* [MATERIAL FOR THIS EXERCISE]
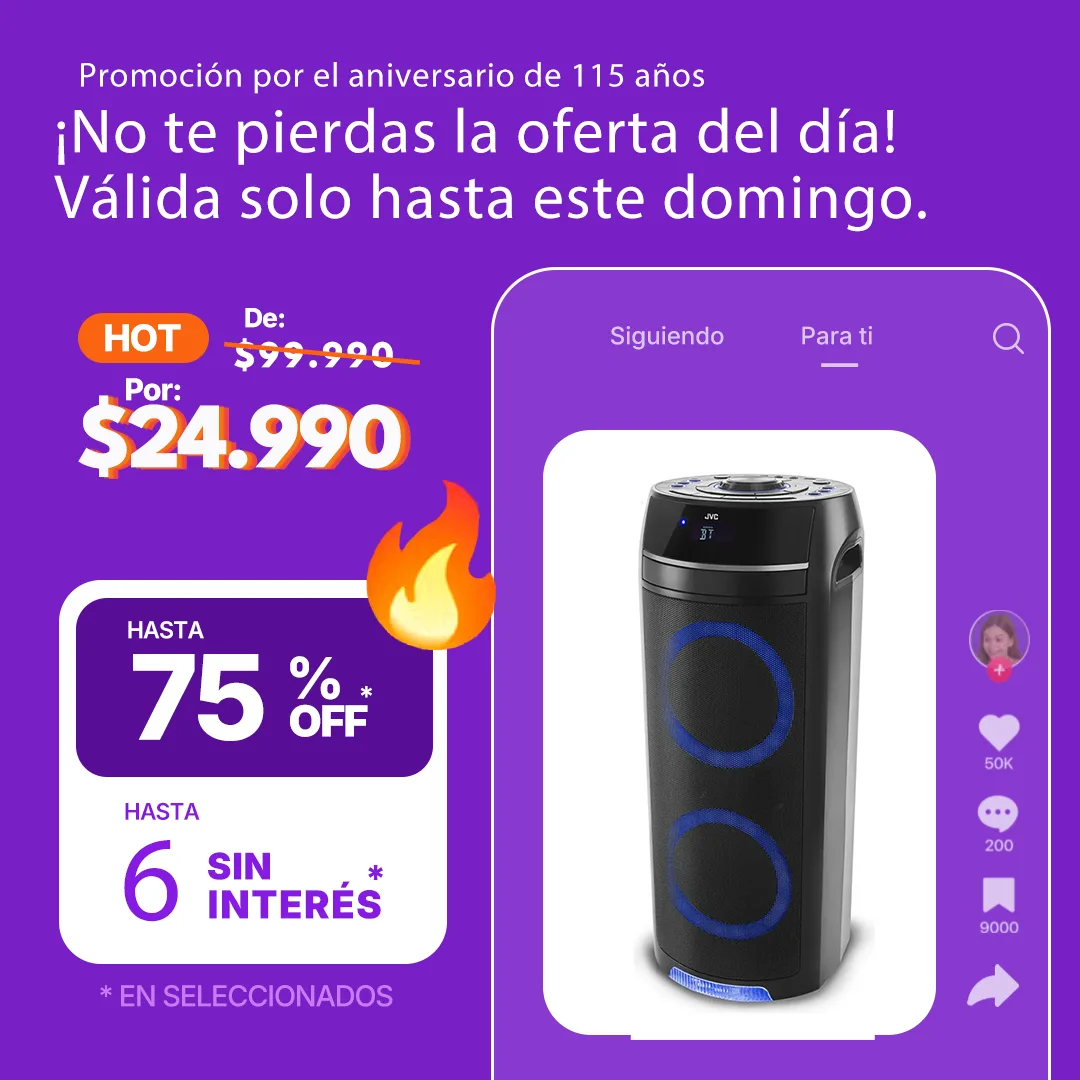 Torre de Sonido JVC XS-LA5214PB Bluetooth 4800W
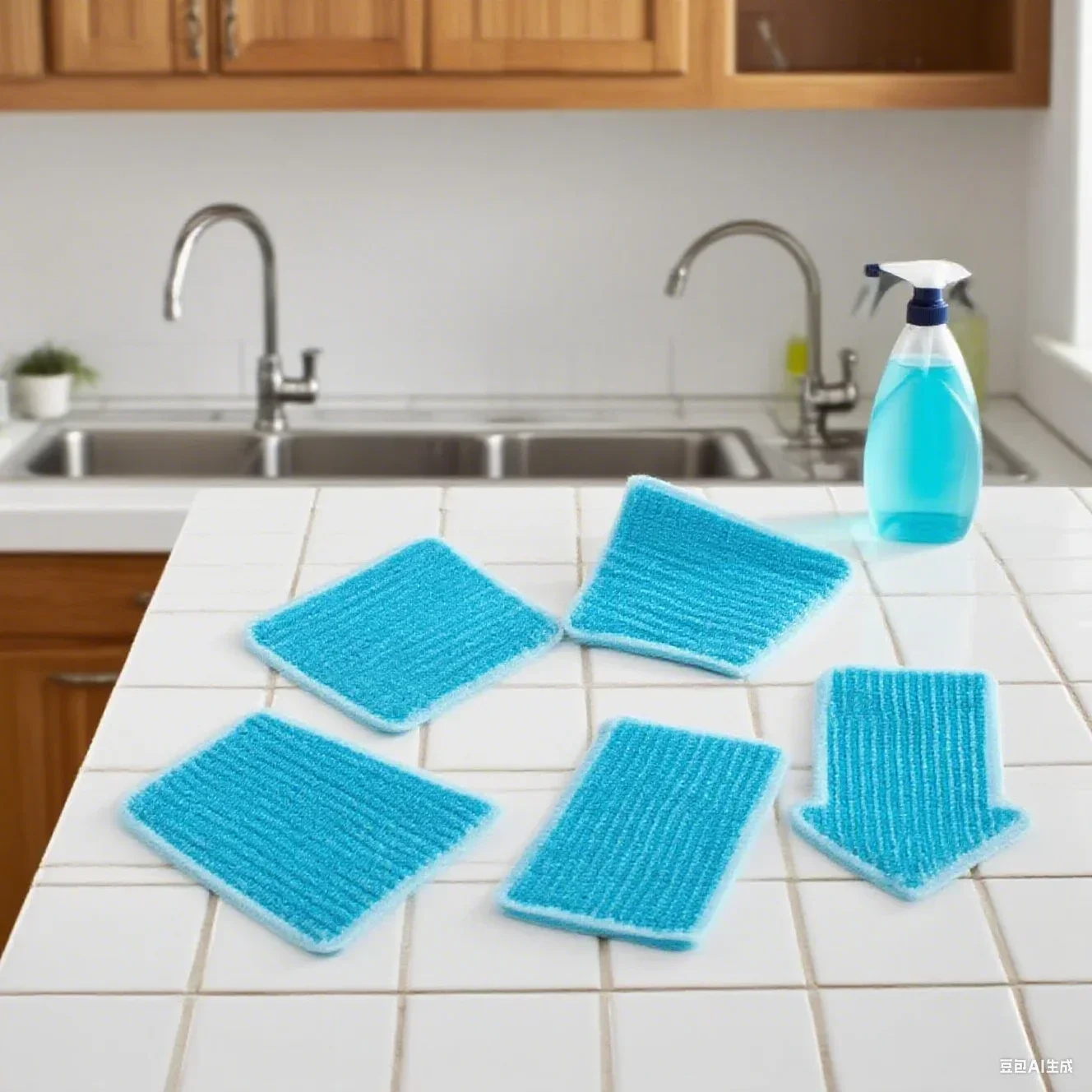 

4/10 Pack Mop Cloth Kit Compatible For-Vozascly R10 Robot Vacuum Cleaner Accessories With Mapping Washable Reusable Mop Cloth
---
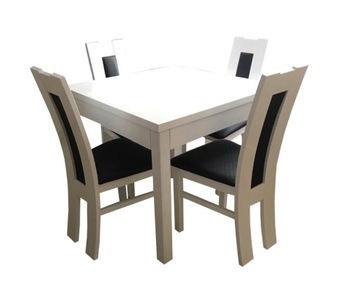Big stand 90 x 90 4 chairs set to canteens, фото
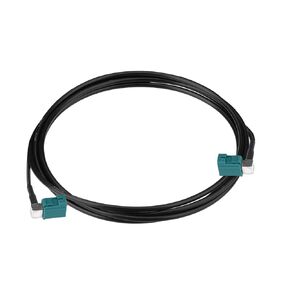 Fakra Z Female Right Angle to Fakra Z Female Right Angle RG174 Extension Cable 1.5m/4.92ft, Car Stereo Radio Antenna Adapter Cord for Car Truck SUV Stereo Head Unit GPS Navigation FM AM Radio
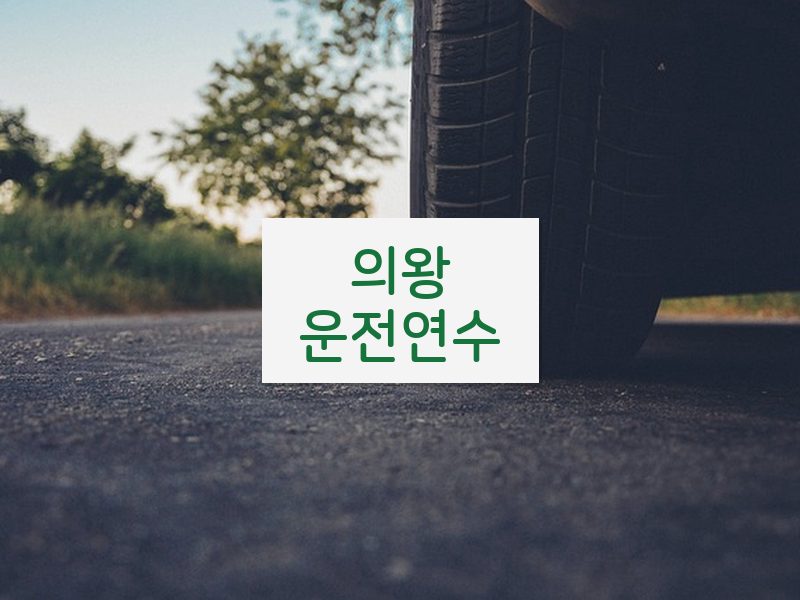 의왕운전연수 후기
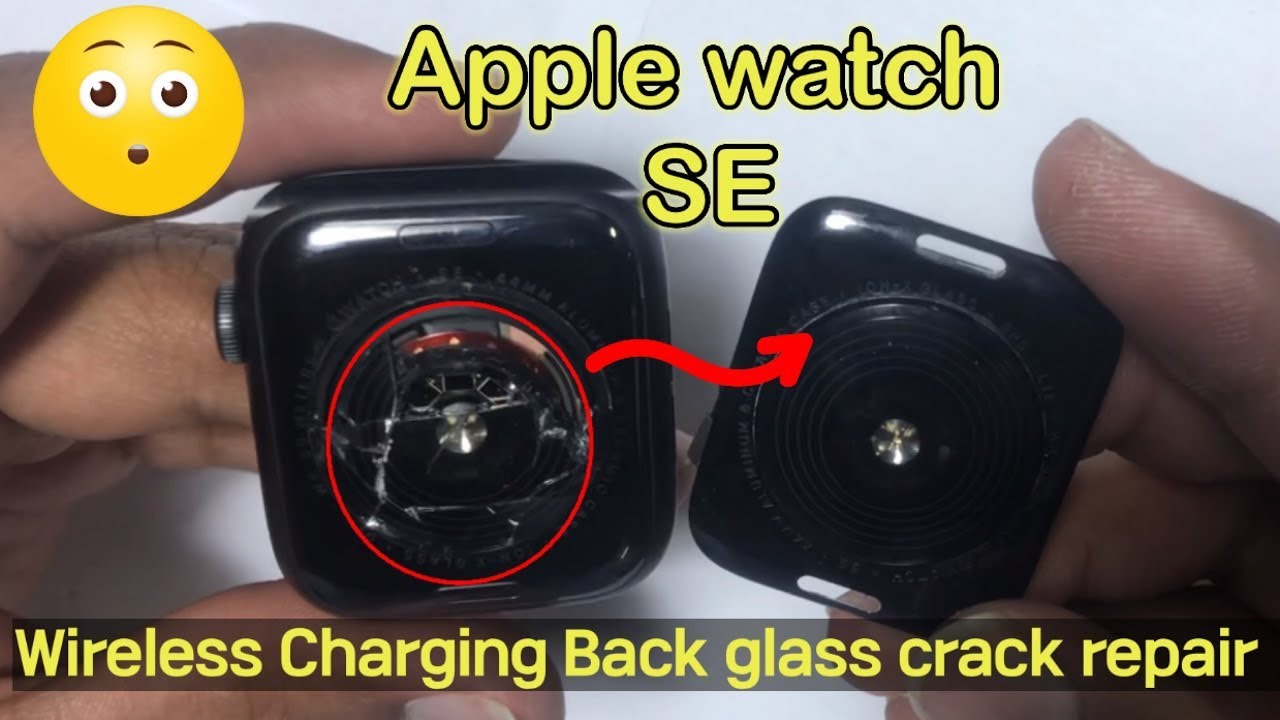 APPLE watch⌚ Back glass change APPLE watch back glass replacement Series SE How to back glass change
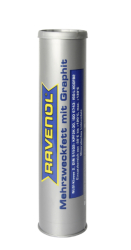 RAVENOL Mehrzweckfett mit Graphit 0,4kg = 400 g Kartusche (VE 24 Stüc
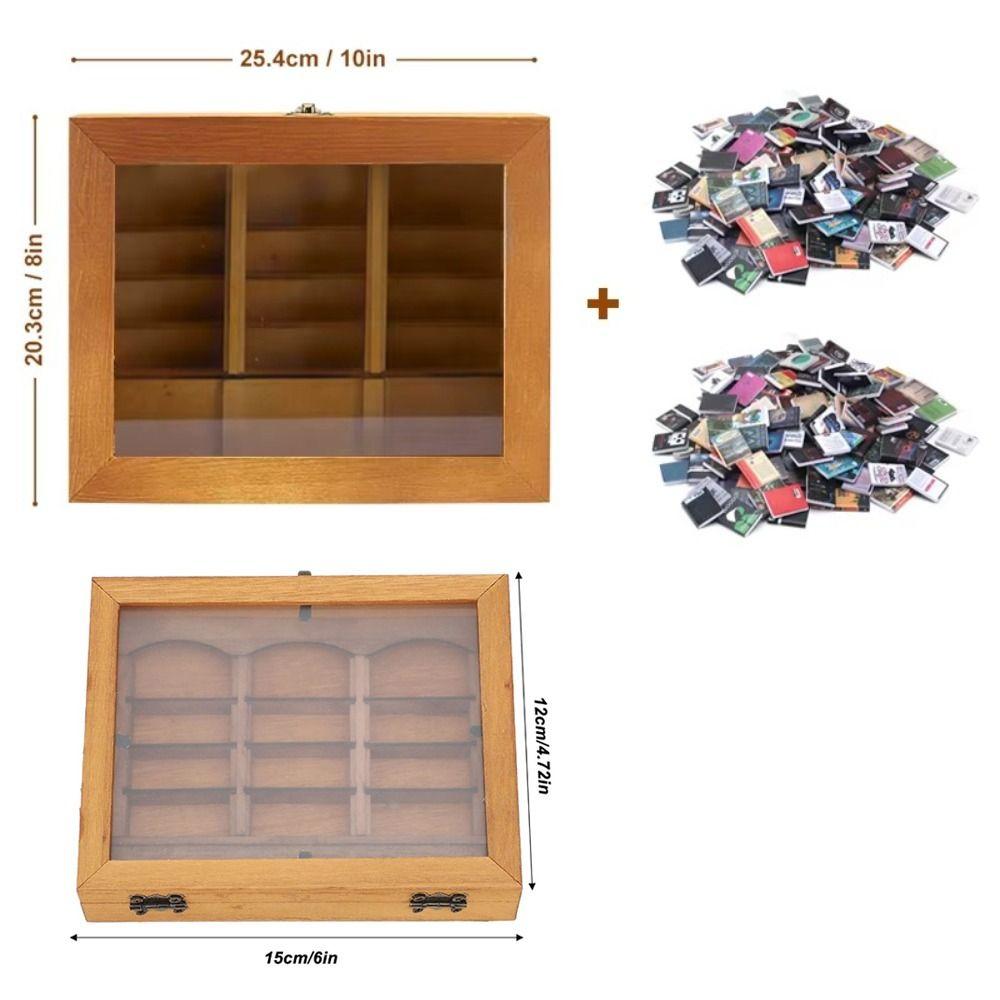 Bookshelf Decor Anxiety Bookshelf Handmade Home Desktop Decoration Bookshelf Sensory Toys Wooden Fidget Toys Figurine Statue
* * *
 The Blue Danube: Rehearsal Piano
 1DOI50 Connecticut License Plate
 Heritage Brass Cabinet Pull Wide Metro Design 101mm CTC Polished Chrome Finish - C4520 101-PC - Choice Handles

* [PROBLEM DESCRIPTION]
When you reach the line that has "Torre de Sonido" in the data above, start repeating lines exactly, and stop after the line that has "4/10 Pack Mop"; pictures stay out.

* [RESPONSE AREA]
 Torre de Sonido JVC XS-LA5214PB Bluetooth 4800W

4/10 Pack Mop Cloth Kit Compatible For-Vozascly R10 Robot Vacuum Cleaner Accessories With Mapping Washable Reusable Mop Cloth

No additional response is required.